Elle disait textuellement « por compartir », c’est-à-dire pour partager l’expérience qu’elle avait vécue. Et elle a commencé à raconter cette histoire incroyable : « Il y a deux ans j’étais à Vérone avec mon mari en voyage de noces et nous sommés tombés par hasard sur l’exposition Il mio Inferno . Ce fut une magnifique surprise parce que mon mari adorait Dante et la Divina Commedia, dont il a toujours été un lecteur assidu. De retour en Argentine, cependant, notre « inferno » a commencé. On lui a diagnostiqué un cancer qui, en l’espace de trois mois, l’a emporté. Et c’est ainsi qu’a commencé mon « purgatorio ». Avant de mourir je lui ai promis que si vous montiez l’exposition sur le Paradiso je reviendrais en Italie la voir pour lui. C’est ainsi que j’ai réservé le vol Argentine/ Vérone et aujourd’hui, précisément aujourd’hui, à six mois tout juste de la mort de mon mari je me retrouve ici, heureuse d’être avec vous et de pouvoir partager cette expérience ». L’amie enseignante poursuit : « Á ce moment-là, je l’ai serrée dans mes bras et nous avons pleuré ensemble. Au-dessus de nous, le ciel gris de cette mémorable journée s’est ouvert un instant et le soleil nous a réchauffées. C’était incroyable. Dans notre étreinte se trouvait aussi son mari. Á la sortie de l’exposition, elle m’a fait voir la photo de son mari avec elle, près de la statue de Dante, photo soigneusement conservée dans une pochette transparente, avec une petite image de la Vierge de Guadalupe. Elle nous a remerciés parce que désormais elle pouvait commencer son parcours de paix retrouvée et de sérénité.

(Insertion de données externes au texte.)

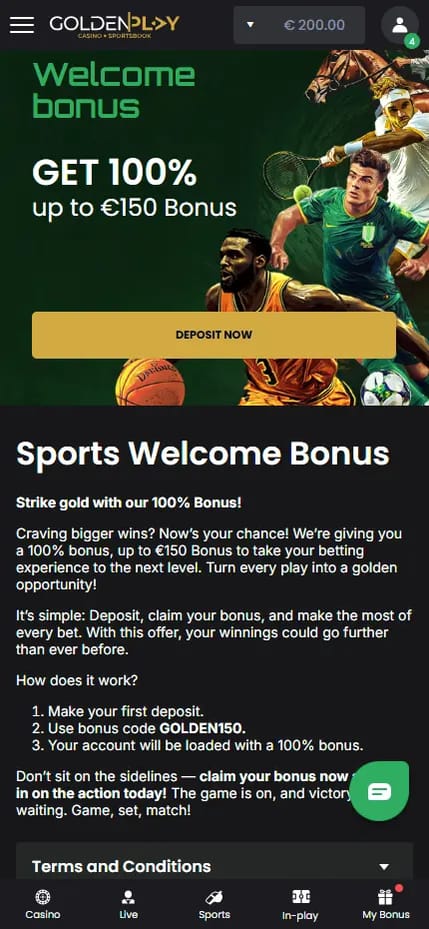 Goldenplay sport en
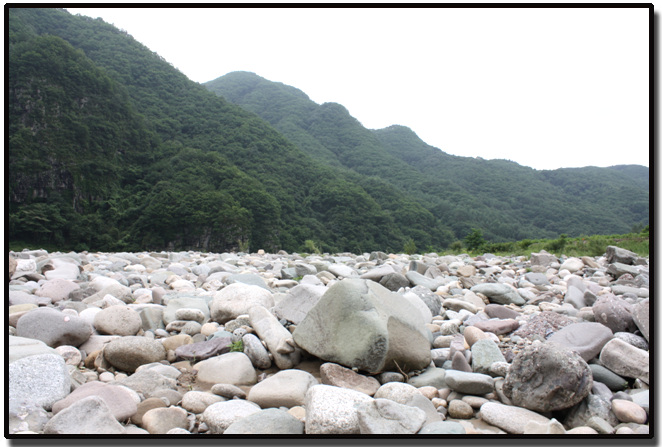 농암종택 가는길의 가송리 절경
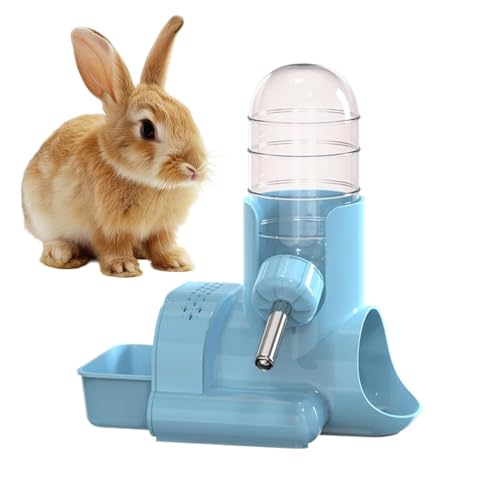 Botella de agua de jerbo sin goteo para chinchilla con jaula limpia 8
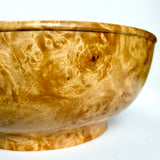 Tochi Burl Root Bowl | Diameter 29cm, Height 11cm | Akita Prefecture, Showa 30s | Lathe-turned by woodcraftsman, one of a kind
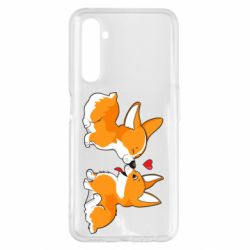 Чохол для Realme 6 Pro Loving Corgi Couple - PrintSalon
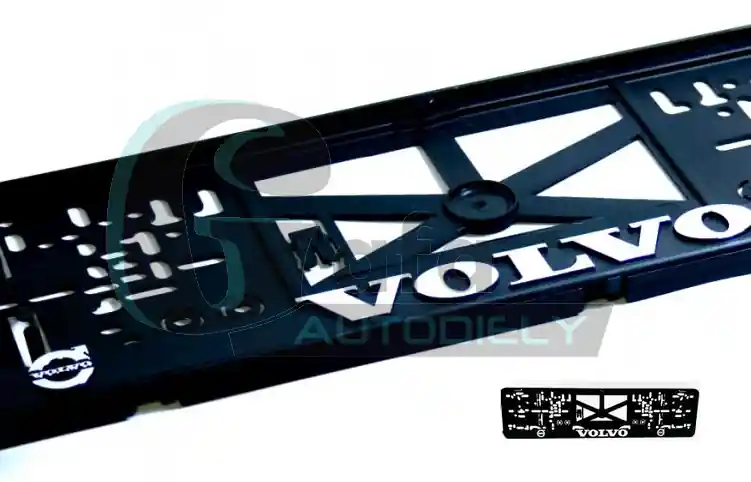 Bezpečná Platba 3D podložka pod registrační značku Volvo 2ks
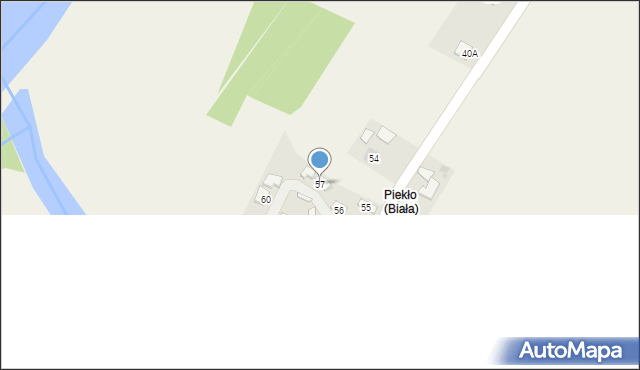 Biała, Biała, 57, mapa Biała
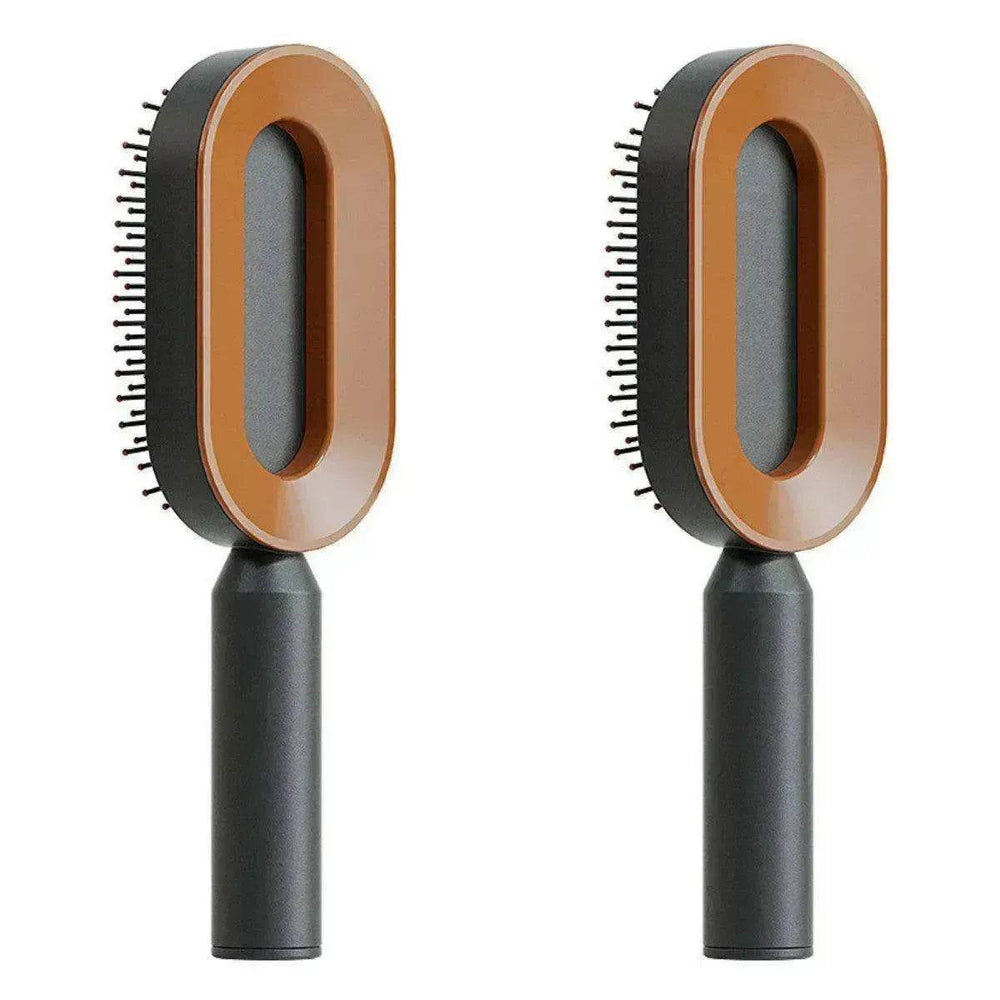 Self Cleaning Hair Brush For Women key Massage Scalp - EX-STOCK Canada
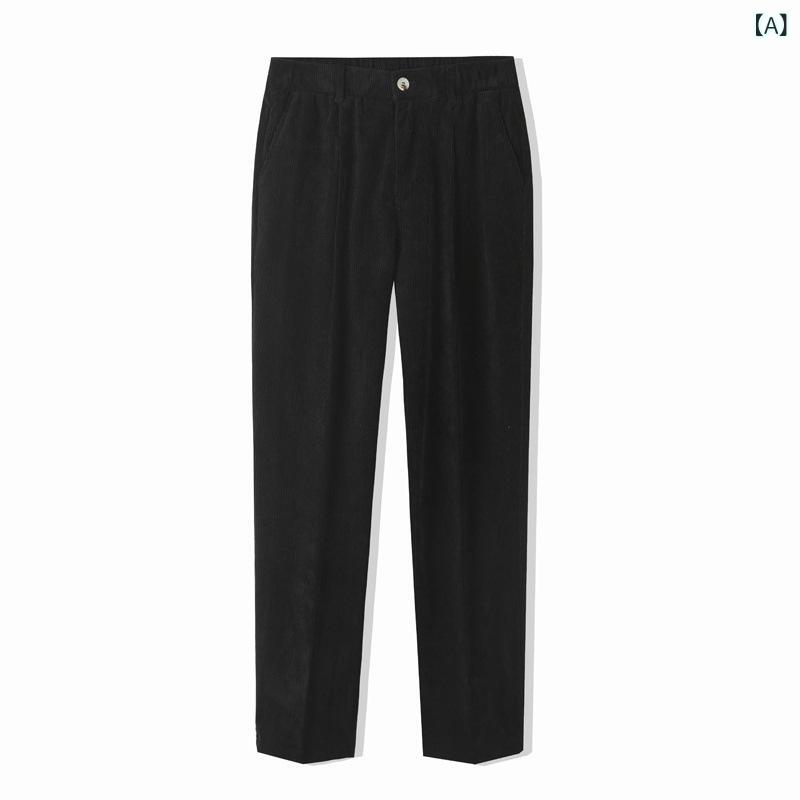GRATIQUE MIEIのロングパンツ メンズ カジュアルパンツ 九分丈 スラックス イージーパンツ ストレートパンツ パンツ ボトムス ゆったり ワイドシルエット 無地 シンプル ベーシック 秋物 秋服 おしゃれ 普段着 通勤通学｜アングル2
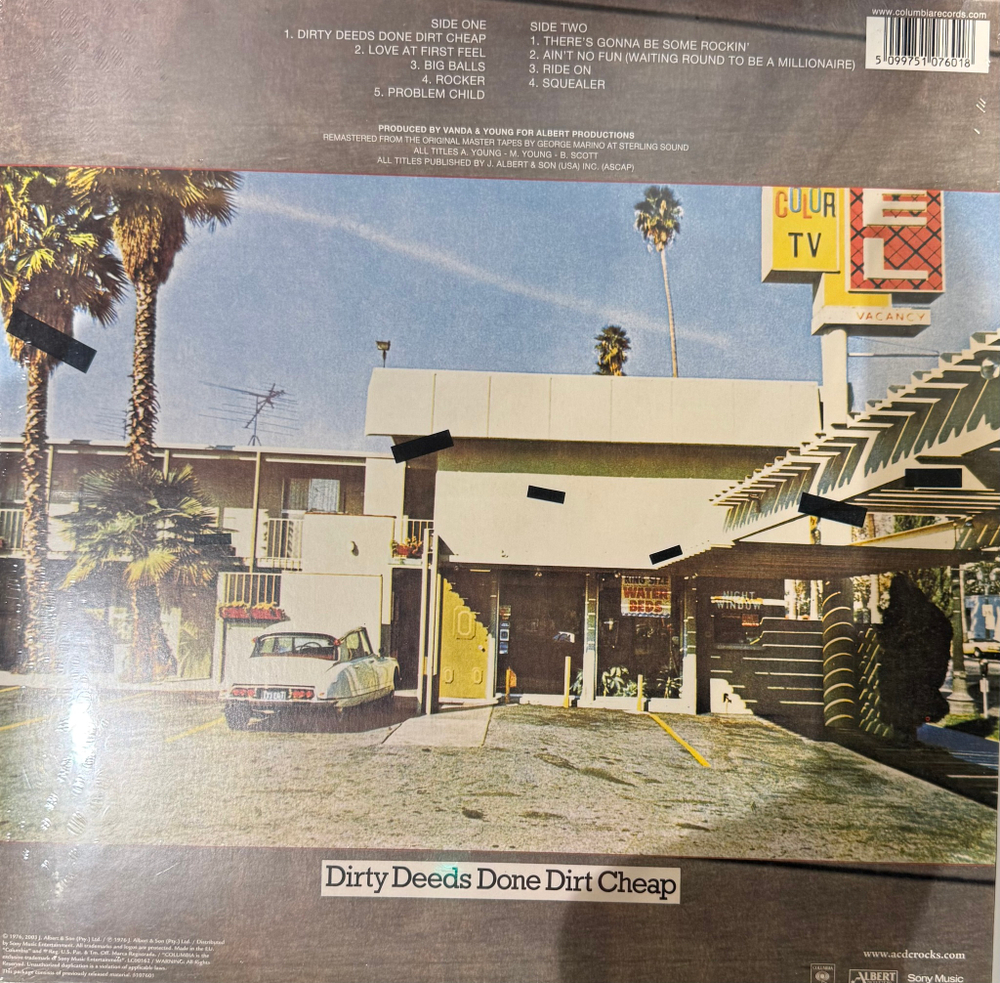 Виниловая пластинка AC/DC – Dirty Deeds Done Dirt Cheap LP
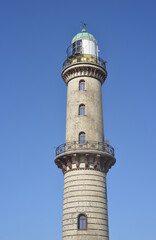 Lighttower in Rostock, Warnemuende, Germany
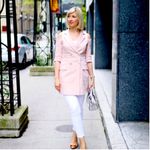 ZARA  Cold Shoulder Openings Pearl Buttons Blazer Dress Pink Size M NEW Photo 2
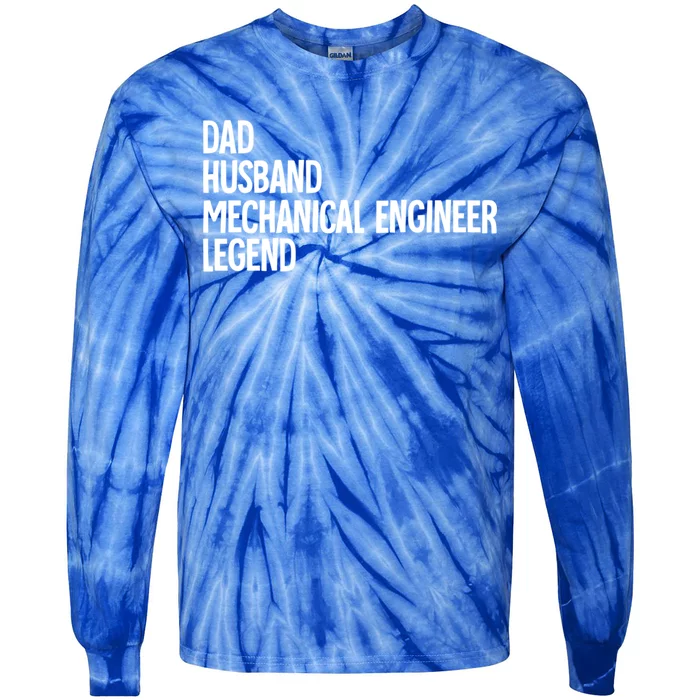 Dad Husband Mechanical Engineer Gift Tie-Dye Long Sleeve Shirt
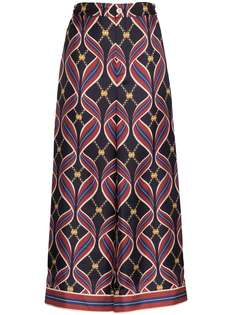 Gucci logo pattern wide-leg trousers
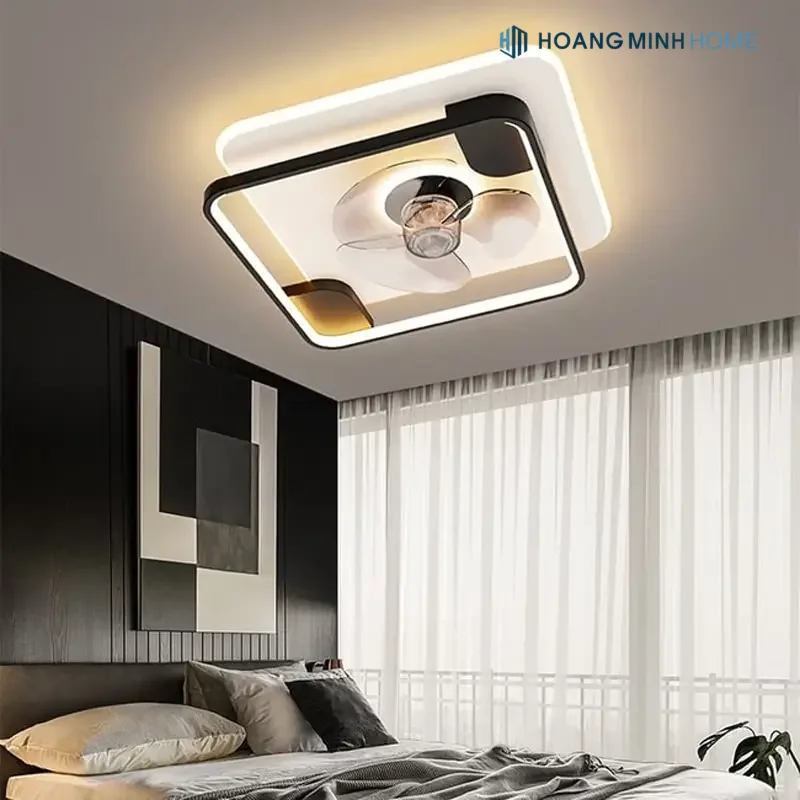 Một thiết kế quạt trần nghệ thuật hiện đại, thu hút mọi ánh nhìn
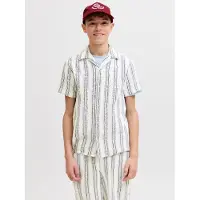 Jack & Jones Junior Chemise 'JORCOBA' noir / blanc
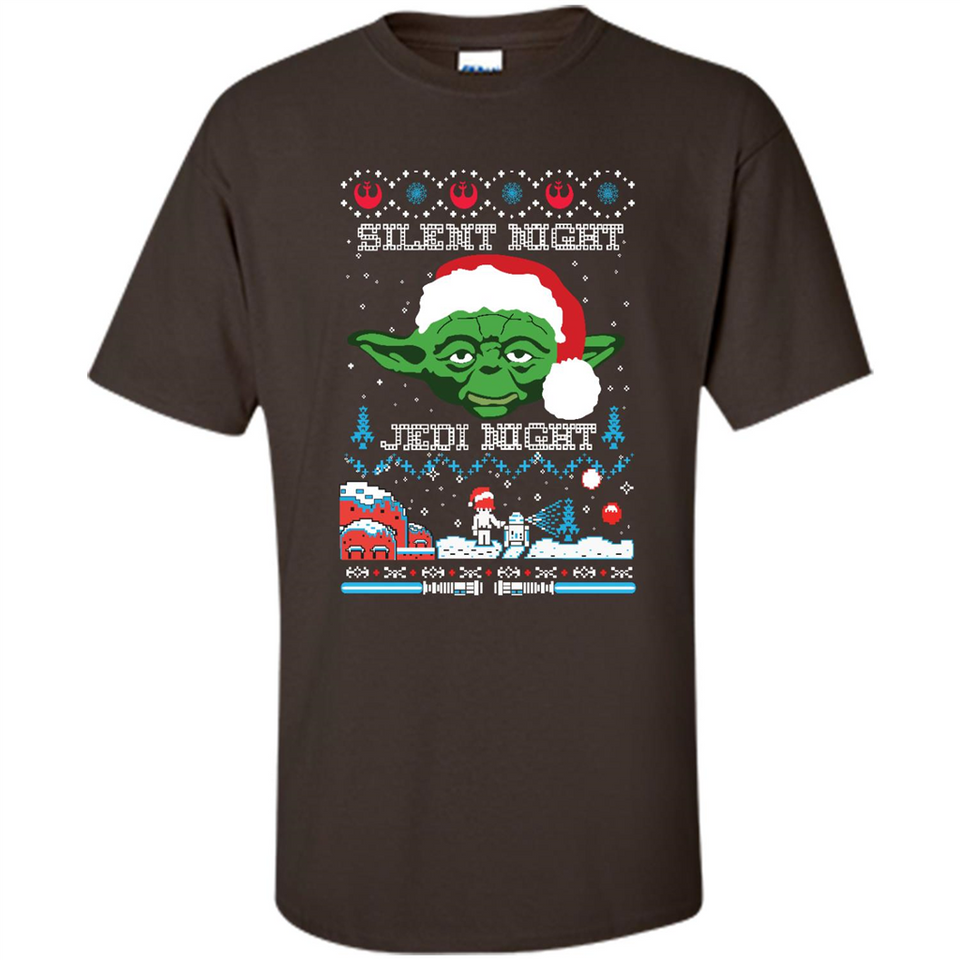 YODA SILENT NIGHT JEDI NIGHT CHRISTMAS UGLY SWEATER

J’ai longuement pleuré après avoir reçu ce mail, ému une fois encore par un spectacle de courage, de force, de foi. Mais j’ai été encore plus frappé par les regards et les commentaires des jeunes à qui je l’ai raconté, par le désir sincère qu’ils ont tous plus ou moins exprimé par ces mots : « Nous aussi nous aimerions vivre ainsi ! Où peut-on apprendre à aimer ainsi ? »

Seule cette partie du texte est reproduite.